**TASK PROMPT**
Each entry that follows is to be duplicated exactly, without its images.

**SUPPLIED MATERIAL**
-- -- --
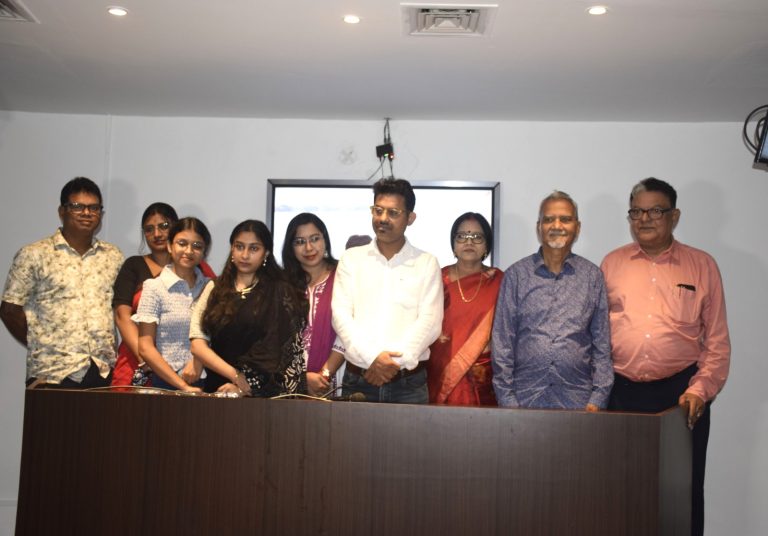 স্পেশাল স্ক্রিনিং হয়ে গেল তথ্যচিত্র ‘কুমোরটুলির গল্প’
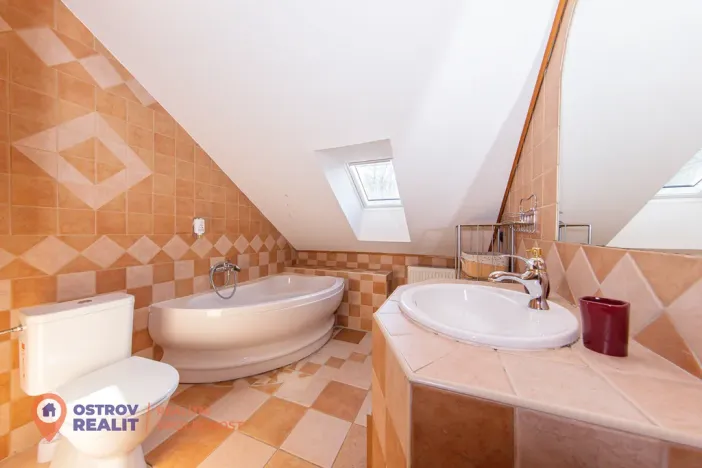 Prodej ubytování, Dolní Morava, 679 m2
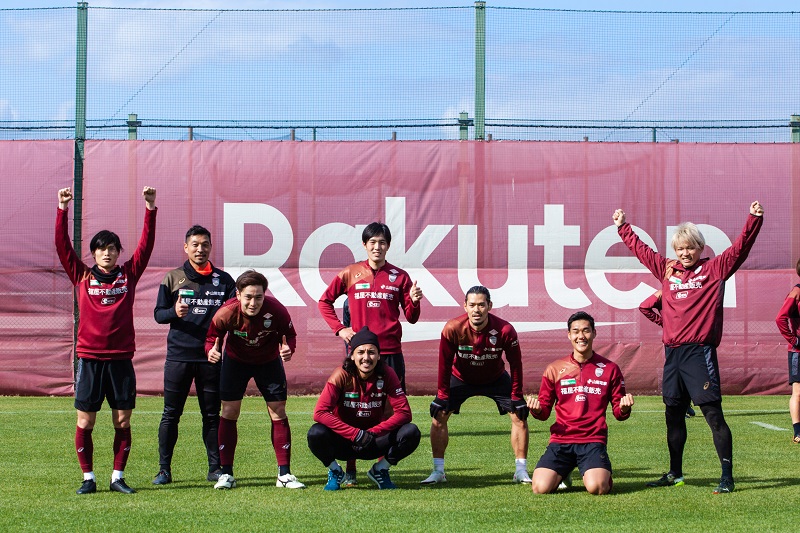 チームメイトとともに写真におさまるヴィッセル神戸の山川哲史選手（右から2番目）　©VISSEL KOBE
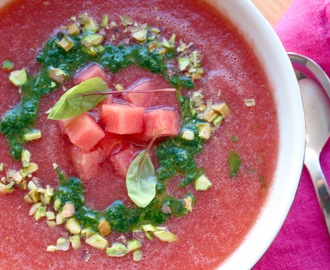 Makean tulinen vesimeloni-tomaattigazpacho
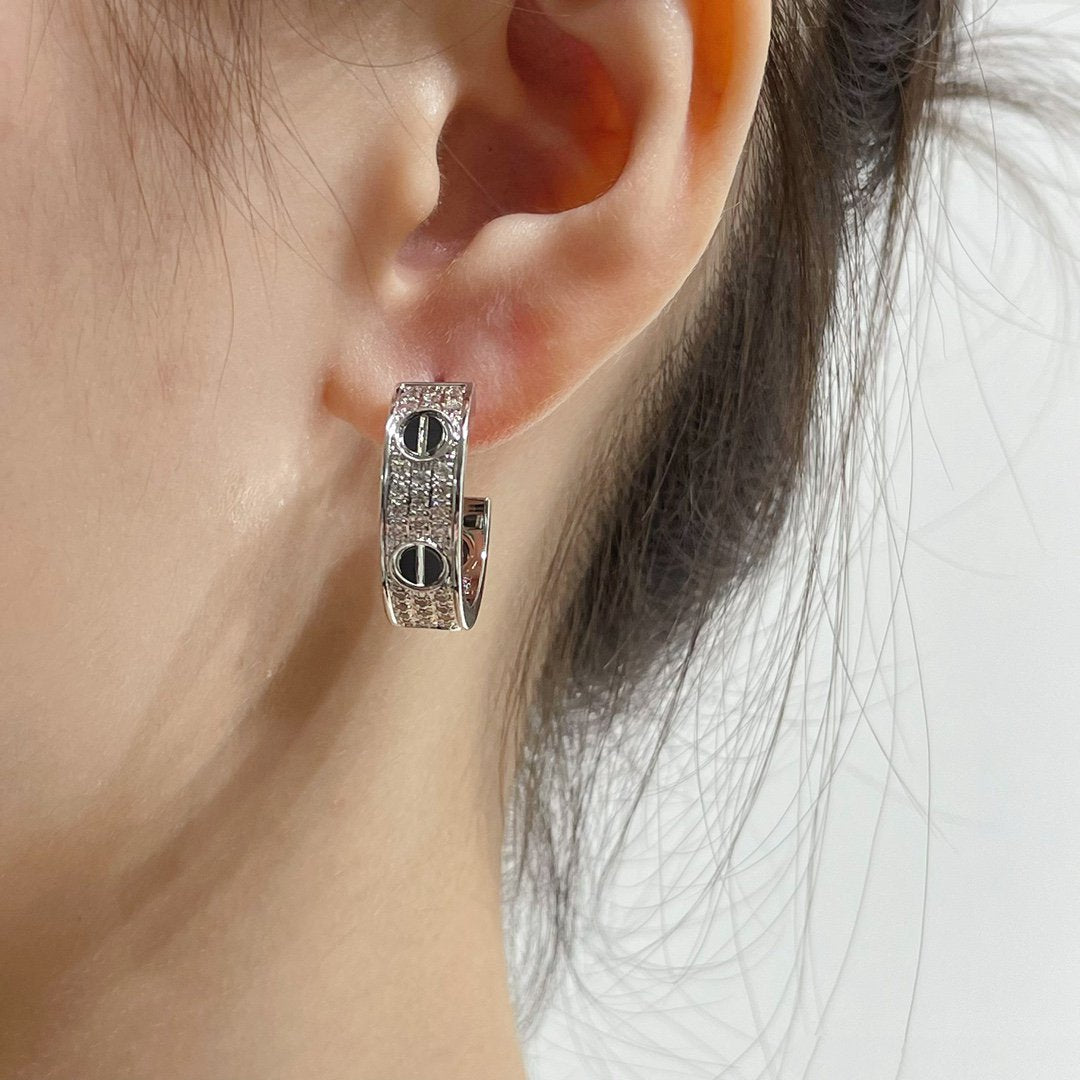 [Agudo Jewelry]LOVE CERAMIC DIAMOND PAVED SILVER EARRINGS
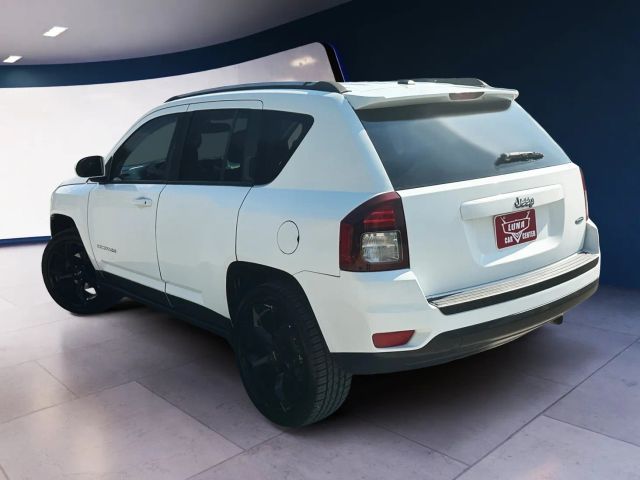 Vehicle image 7 of 24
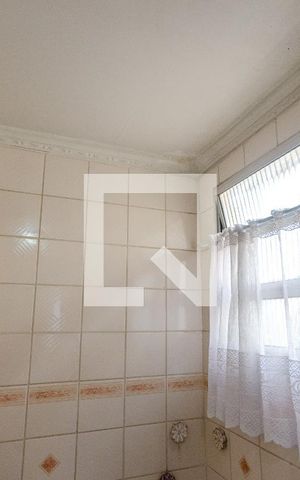 Apartamento à venda com 110m², 3 quartos e 2 vagas Apartamento à venda com 110m², 3 quartos e 2 vagasBanheiro da Suíte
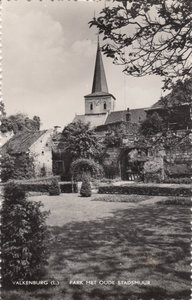 VALKENBURG (L) - Park met Oude Stadsmuur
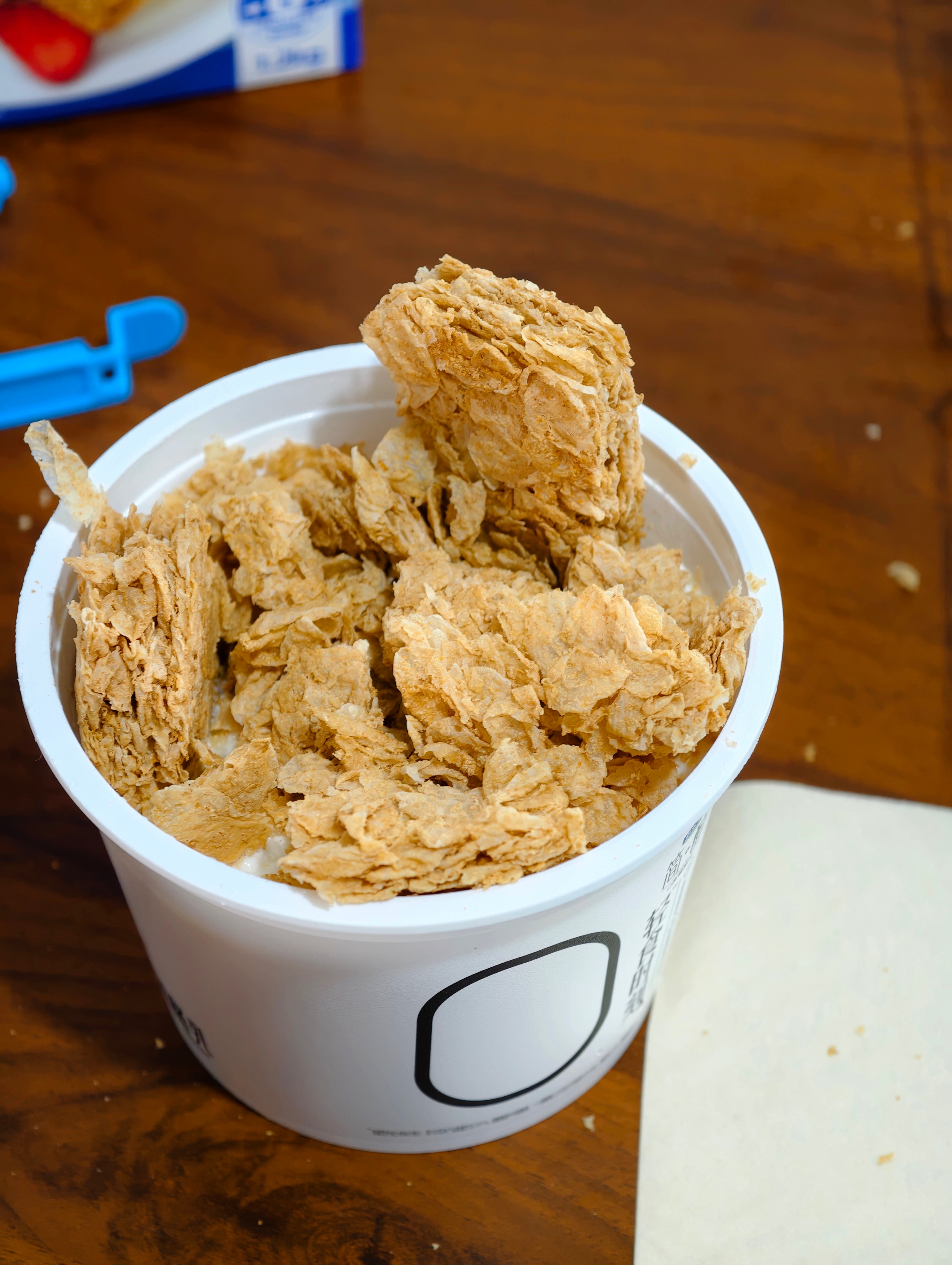 今晚的晚饭：无糖酸奶➕无糖燕麦片➕蓝莓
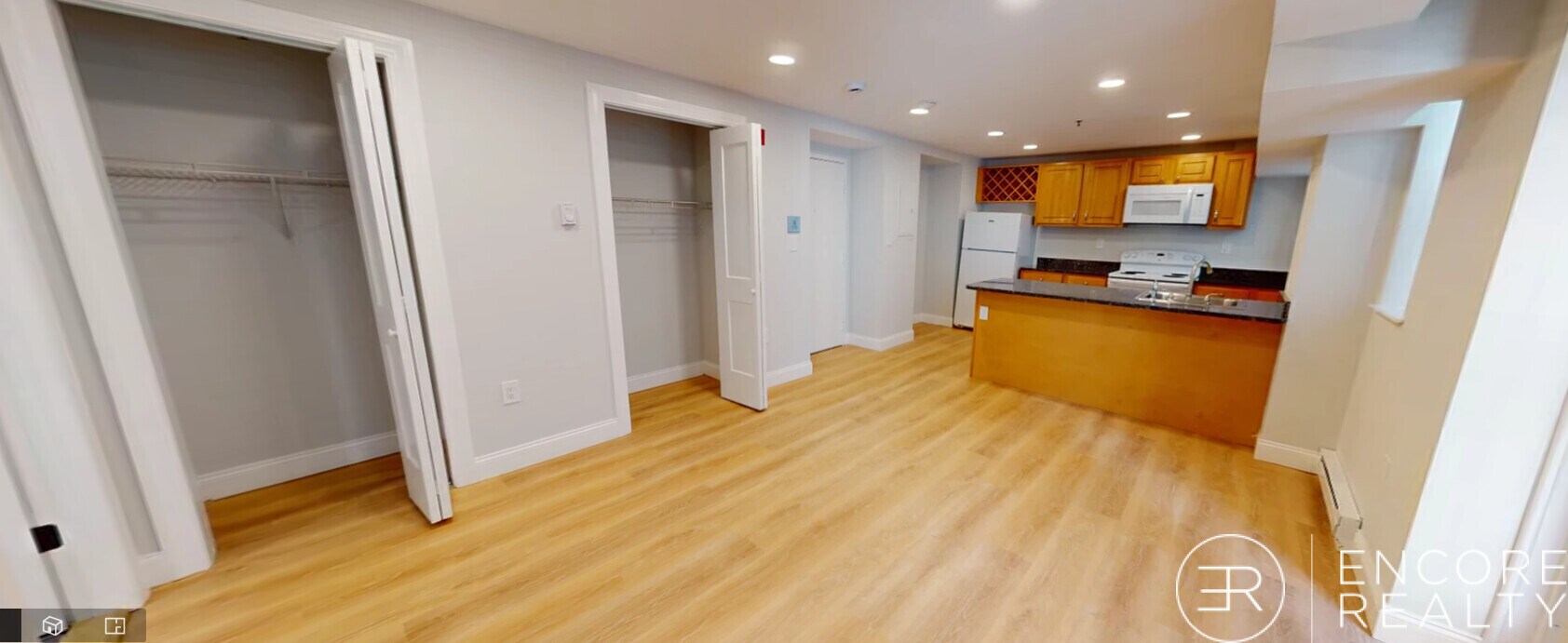 Building Photo - 51 Queensberry St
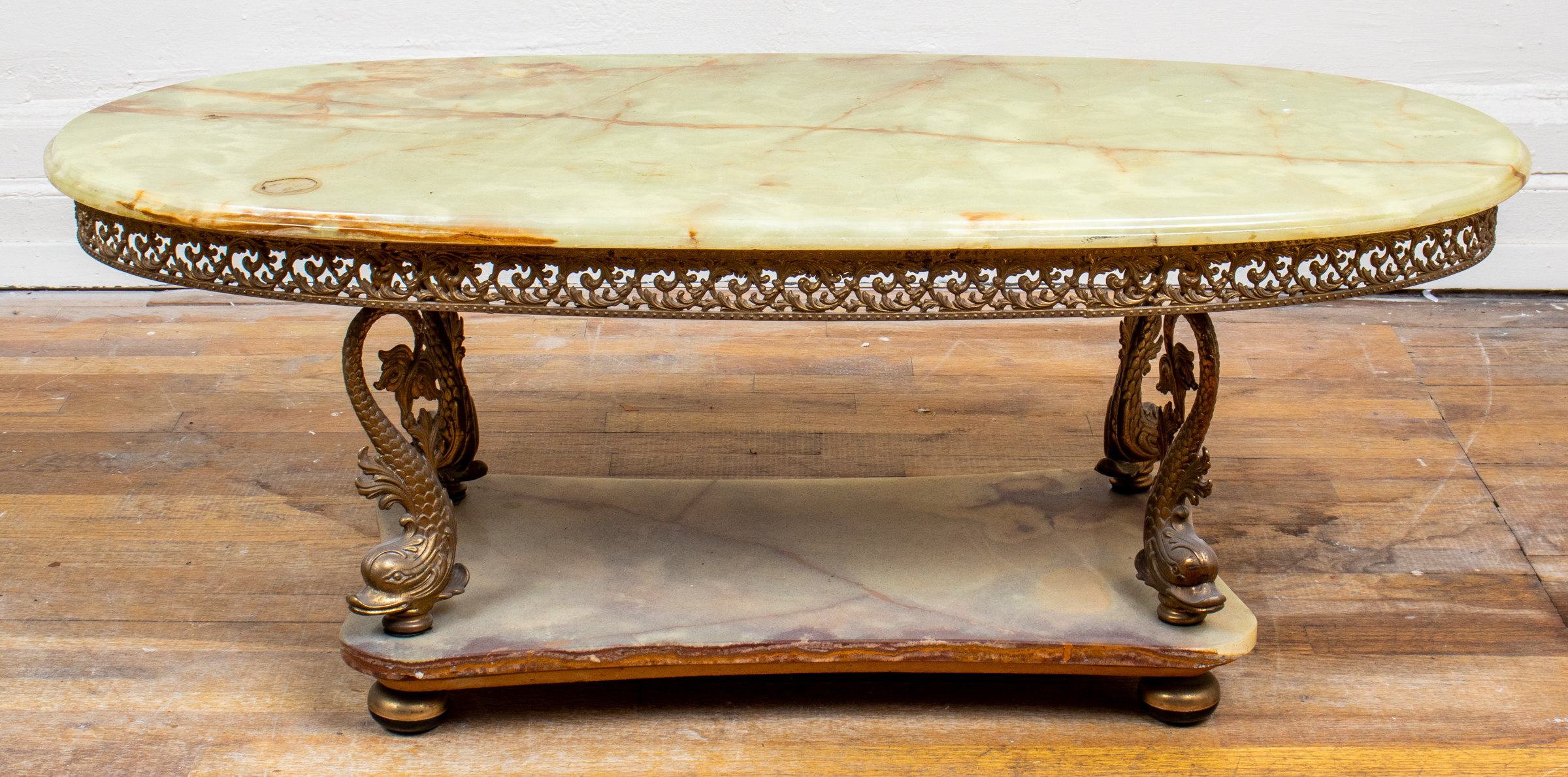 HOLLYWOOD REGENCY STYLE GILT METAL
-- -- --
**ANSWER FOR THE TASK**
 স্পেশাল স্ক্রিনিং হয়ে গেল তথ্যচিত্র ‘কুমোরটুলির গল্প’
 Prodej ubytování, Dolní Morava, 679 m2
 チームメイトとともに写真におさまるヴィッセル神戸の山川哲史選手（右から2番目）　©VISSEL KOBE
 Makean tulinen vesimeloni-tomaattigazpacho
 [Agudo Jewelry]LOVE CERAMIC DIAMOND PAVED SILVER EARRINGS
 Vehicle image 7 of 24
 Apartamento à venda com 110m², 3 quartos e 2 vagas Apartamento à venda com 110m², 3 quartos e 2 vagasBanheiro da Suíte
 VALKENBURG (L) - Park met Oude Stadsmuur
 今晚的晚饭：无糖酸奶➕无糖燕麦片➕蓝莓
 Building Photo - 51 Queensberry St
 HOLLYWOOD REGENCY STYLE GILT METAL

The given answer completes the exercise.